La diferencia entre tener estilo y seguir tendencias
Durante años, las tendencias funcionaban de una manera bastante predecible. Las grandes marcas presentaban sus colecciones, las revistas de moda definían qué iba a usarse cada temporada y, lentamente, esas ideas empezaban a bajar al consumo masivo. Todo tenía cierto ritmo. Había tiempo para observar, elegir y adaptar aquello que realmente conectaba con nuestra forma de vestir.
Pero en los últimos años, y especialmente con el crecimiento de plataformas como TikTok, esa dinámica cambió por completo.
Hoy las tendencias aparecen, se viralizan y desaparecen a una velocidad difícil de seguir. Lo que hace apenas dos semanas parecía indispensable para construir un look actual, rápidamente queda reemplazado por una nueva estética, una nueva prenda o una nueva obsesión colectiva que vuelve a instalar la sensación de que siempre estamos llegando tarde a algo.
Durante un tiempo, la industria acompañó esta lógica casi sin cuestionarla. Micro shorts, zapatillas enormes, colores específicos, prendas que parecían estar en todos lados durante un mes para desaparecer inmediatamente después. Pero algo empezó a cambiar.
Cada vez más personas dentro del universo de la moda comenzaron a sentirse agotadas por esta necesidad constante de perseguir lo nuevo. Porque cuando todo cambia demasiado rápido, la experiencia de vestirse deja de ser una forma de expresión personal para convertirse en una carrera permanente por mantenerse actualizada.
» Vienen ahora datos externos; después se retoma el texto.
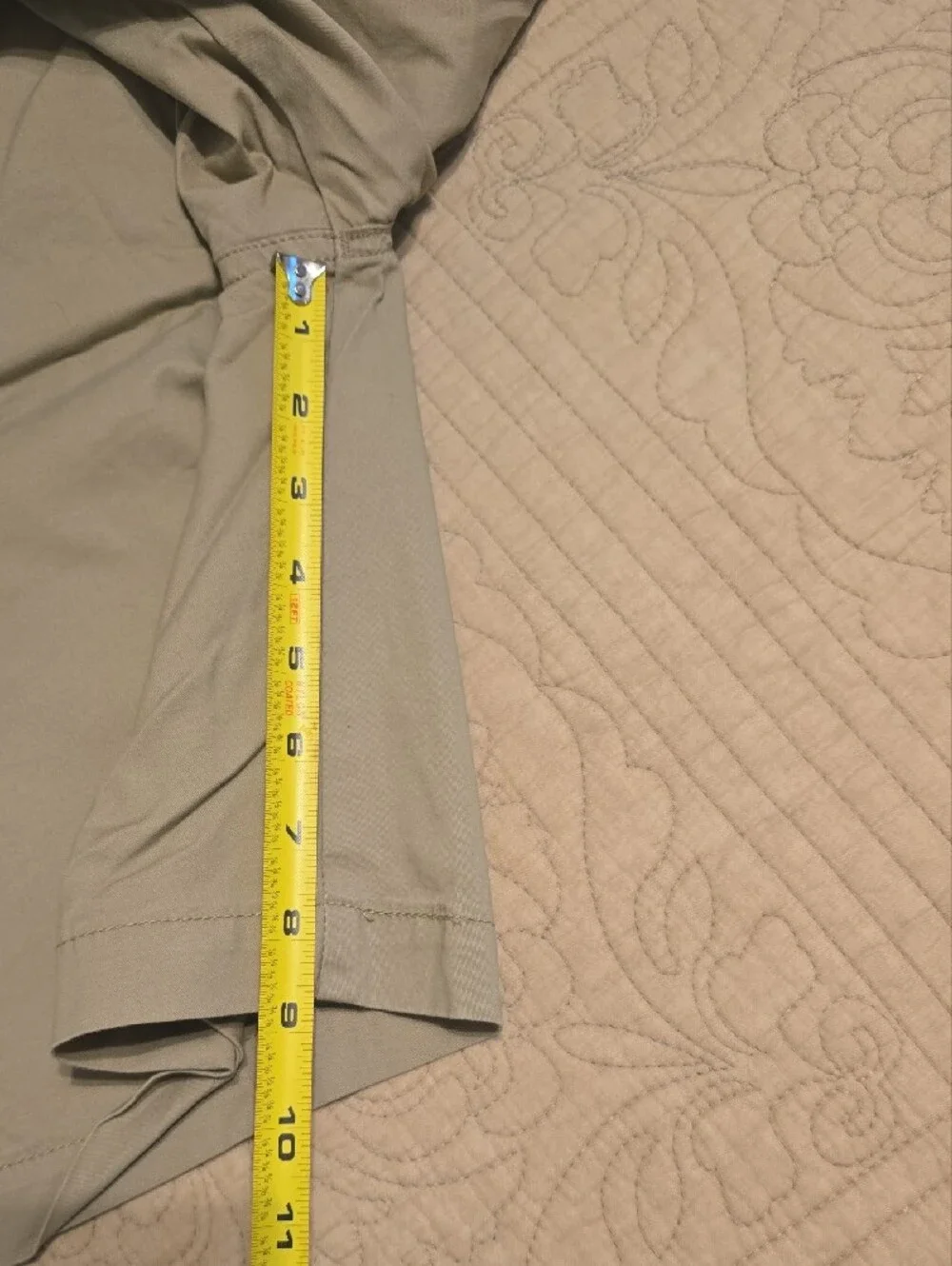 Lot of 2 Levi's XX Chino Shorts Size 38 Beige Olive Green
Y es justamente ahí donde empieza a aparecer una conversación mucho más interesante: la diferencia entre tener estilo y simplemente seguir tendencias.
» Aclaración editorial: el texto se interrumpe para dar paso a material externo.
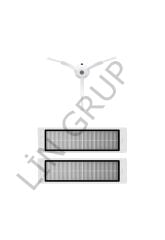 Xiaomi Vacuum Cleaner 1S (SDJQR03RR) Robot Süpürge Uyumlu 3'lü Yedek parça Seti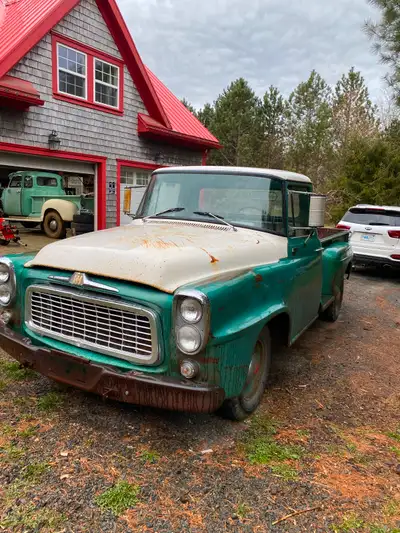 1960 International B110 1/2ton pick up for sale. From Saskatchewan vehicle which means it’s a pretty...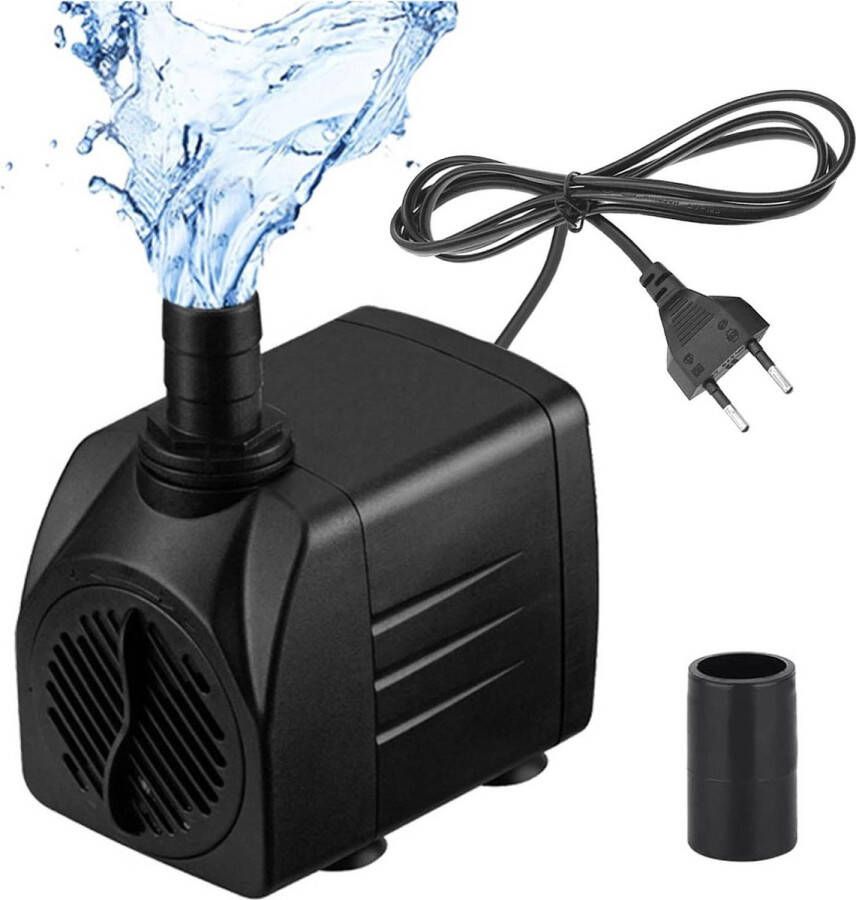 Mini-waterpomp ultrastil (600 l u 10 W) voor aquaria met 15 m netsnoer 2 sproeiers vijver fontein standbeelden hydrocultuur fonteinpomp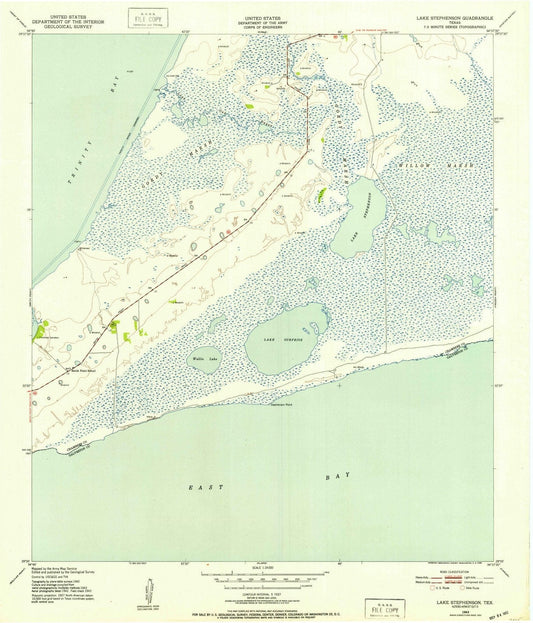 1943 Lake Stephenson, TX - Texas - USGS Topographic Map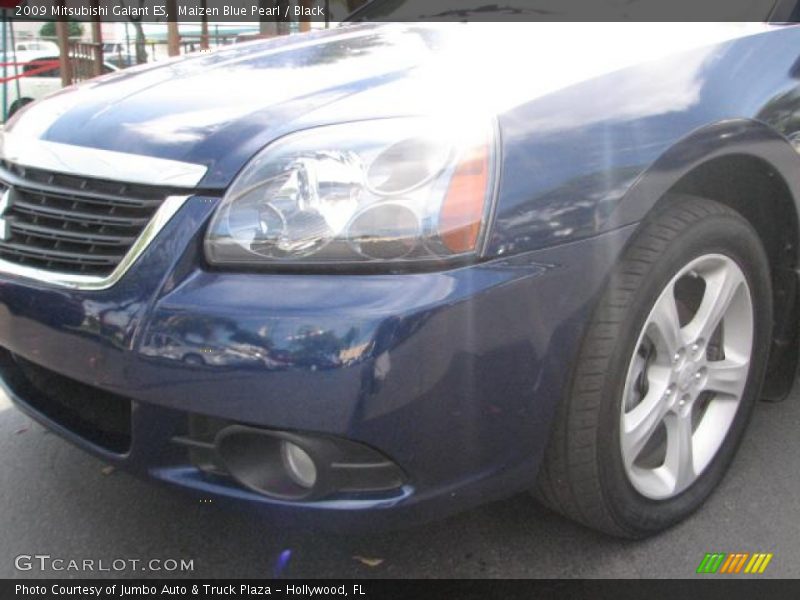 Maizen Blue Pearl / Black 2009 Mitsubishi Galant ES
Tener estilo no significa ignorar lo que pasa en la moda o rechazar todo lo que está vigente. Significa desarrollar cierto criterio personal. Entender qué prendas realmente funcionan con nuestra personalidad, con nuestra rutina, con nuestra forma de movernos en el mundo y, sobre todo, con aquello que genuinamente nos hace sentir bien.
No todo lo que es tendencia necesariamente combina con vos. Y eso no solamente está bien, sino que probablemente sea una de las claves para construir una imagen mucho más auténtica.
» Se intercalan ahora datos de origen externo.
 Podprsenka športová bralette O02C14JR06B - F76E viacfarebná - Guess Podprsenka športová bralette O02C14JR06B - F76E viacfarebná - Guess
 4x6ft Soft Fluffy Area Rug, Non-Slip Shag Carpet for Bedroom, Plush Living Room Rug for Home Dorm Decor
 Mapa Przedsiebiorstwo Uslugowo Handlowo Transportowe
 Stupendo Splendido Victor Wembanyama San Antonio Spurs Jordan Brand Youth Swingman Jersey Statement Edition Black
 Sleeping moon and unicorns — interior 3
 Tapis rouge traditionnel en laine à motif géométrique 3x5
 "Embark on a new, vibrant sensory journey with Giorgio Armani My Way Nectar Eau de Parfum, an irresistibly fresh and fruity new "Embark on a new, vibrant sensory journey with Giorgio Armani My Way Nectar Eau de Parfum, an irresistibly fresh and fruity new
Muchas veces confundimos inspiración con imitación. Vemos un look en redes sociales, una influencer usando determinada combinación o una estética que parece dominar internet durante algunas semanas, e inmediatamente sentimos la necesidad de replicarlo. Pero la realidad es que las tendencias no fueron pensadas para adaptarse a todas las personas de la misma manera.
Lo interesante de la moda empieza justamente cuando dejamos de preguntarnos qué deberíamos usar y empezamos a entender qué realmente nos representa.
Tal vez por eso hoy estamos viendo un pequeño cambio dentro de la industria. Después de varios años dominados por ciclos extremadamente rápidos de consumo, empieza a crecer una idea mucho más interesante: construir un guardarropa con identidad, elegir mejor y entender que vestirse bien no necesariamente significa vestirse igual a todo lo que aparece en redes.
Las tendencias pueden ser herramientas maravillosas cuando funcionan como inspiración. Nos permiten descubrir nuevas siluetas, animarnos a probar combinaciones distintas o incorporar pequeños cambios que renuevan nuestro estilo. El problema aparece cuando dejamos que definan completamente nuestra forma de vestir.
Porque al final, las tendencias cambian constantemente. El estilo personal, en cambio, permanece.
Y quizás esa sea una de las conversaciones más interesantes que está atravesando la moda hoy. Dejar de perseguir todo lo nuevo para volver a construir algo mucho más valioso: una forma propia de vestirnos.
Después de todo, verse bien nunca dependió exclusivamente de llevar lo que está de moda. Muchas veces tiene mucho más que ver con encontrar aquellas piezas que realmente sentimos nuestras. Y pocas cosas dicen más sobre nuestro estilo que un buen par de zapatos elegidos no porque sean tendencia, sino porque reflejan exactamente quiénes somos.